# Exercise aim
Verbatim output, no pictures: the lines from the beginning of the material through the line with "Gorgeous blond farm", both ends kept.

# Records for the exercise
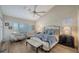 Main bedroom with high ceilings, hardwood floors, and comfortable seating area at 4201 Palacio Dr, Sarasota, FL 34238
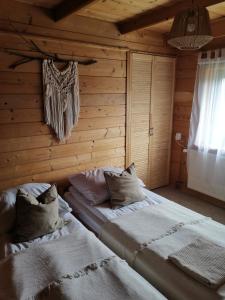 Posteľ alebo postele v izbe v ubytovaní Apartament NA PIĘTERKU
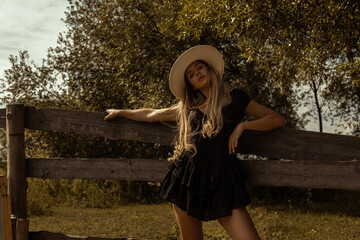 Gorgeous blond farm girl at the wood fence in a hat and short black dress posing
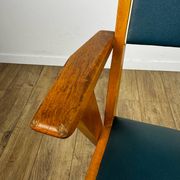 Pair of Scandinavian bridge armchairs in wood and vinyl from the 1950s.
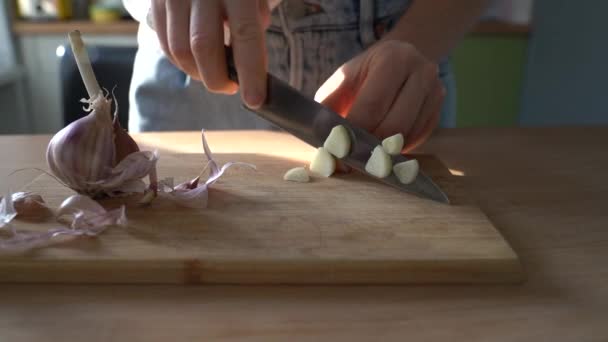 Închiderea brațelor femeii tăind usturoiul pe placa de lemn pentru gătit, stând în bucătăria ei de acasă . — Videoclip de stoc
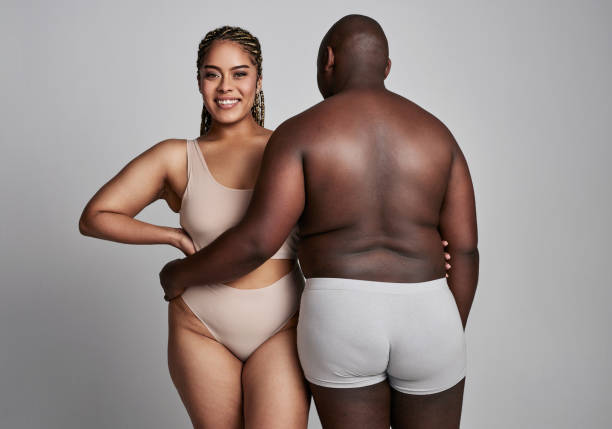 Hug, plus size and portrait of couple in studio in underwear for wellness, health and skincare. Natural, beauty and back of man and woman embrace on gray background for body positivity, care or love Hug, plus size and portrait of couple in studio in underwear for wellness, health and skincare. Natural, beauty and back of man and woman embrace on gray background for body positivity, care or love body positive couple stock pictures, royalty-free photos & images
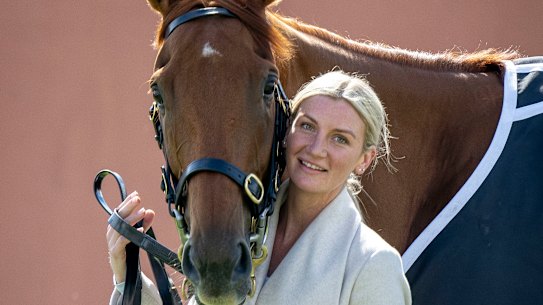 Melbourne Cup winning jockey Jamie Melham stands with Half Yours less than 24 hours after the brilliant win.
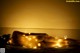 A naked woman laying on a bed covered in lights.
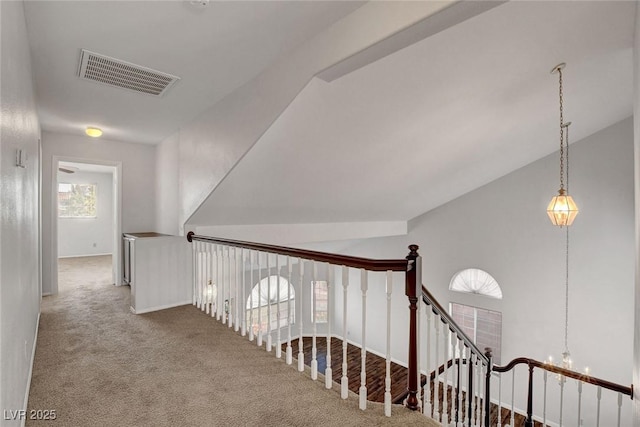 8236 Bermuda Beach Dr, Las Vegas, NV 89128 - hall featuring carpet floors, an upstairs landing, vaulted ceiling, and a chandelier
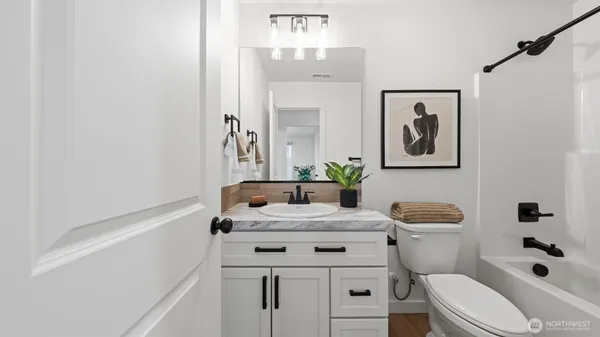 a bathroom with a sink a toilet a mirror and shower curtain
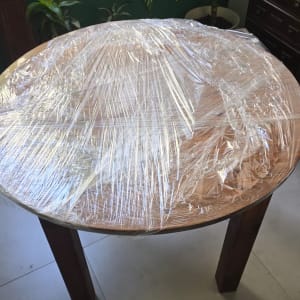 שולחן עץ עגול עטוף בניילון נצמד להגנה לקראת הובלת דירה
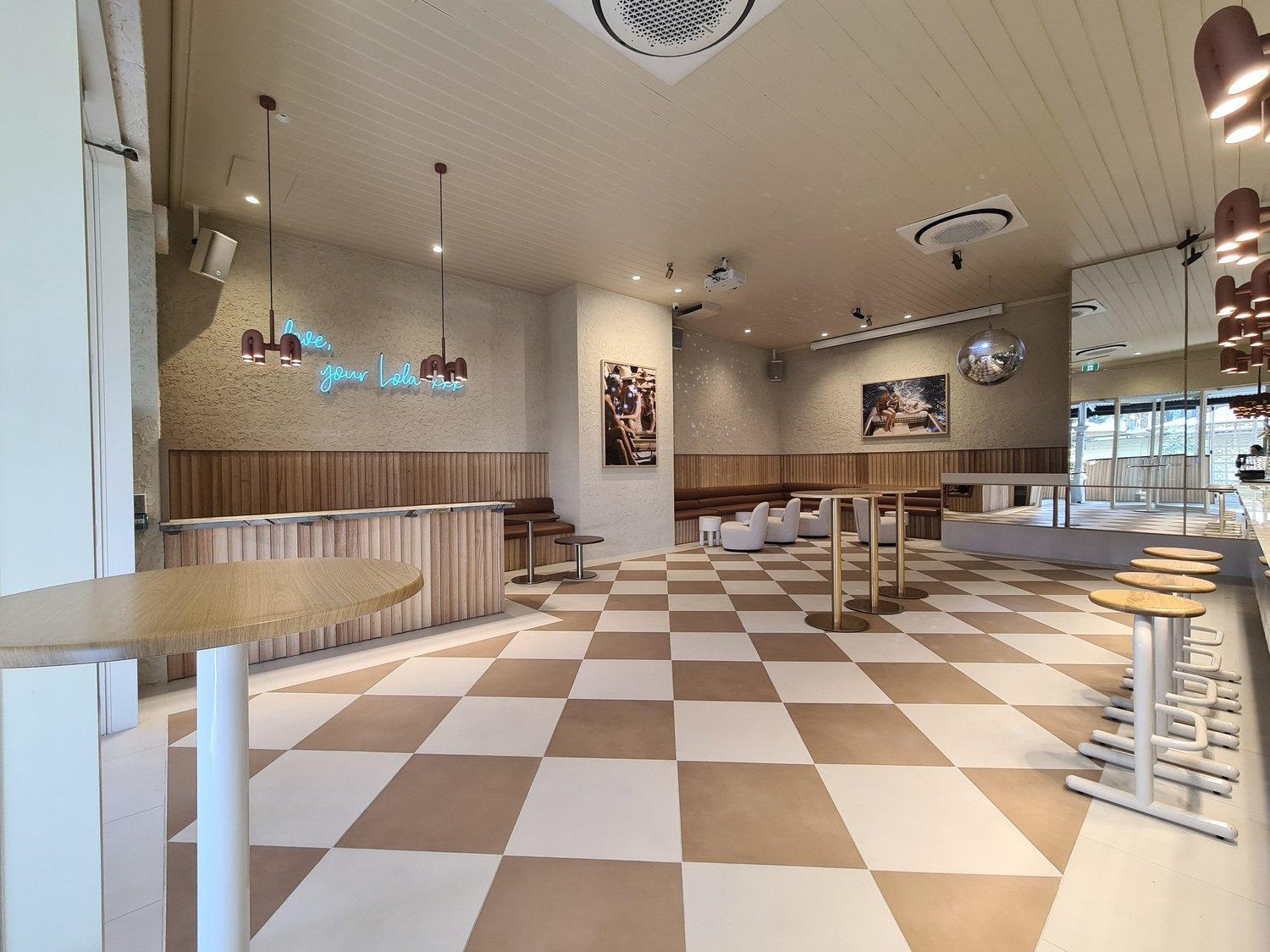 An event venue with checkered floors, round wooden tables, and light wood accents at LOLA St Kilda.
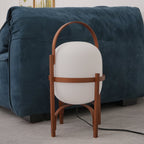 Portable wood lantern lamp glowing on the floor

# Answer for this exercise
 Main bedroom with high ceilings, hardwood floors, and comfortable seating area at 4201 Palacio Dr, Sarasota, FL 34238
 Posteľ alebo postele v izbe v ubytovaní Apartament NA PIĘTERKU
 Gorgeous blond farm girl at the wood fence in a hat and short black dress posing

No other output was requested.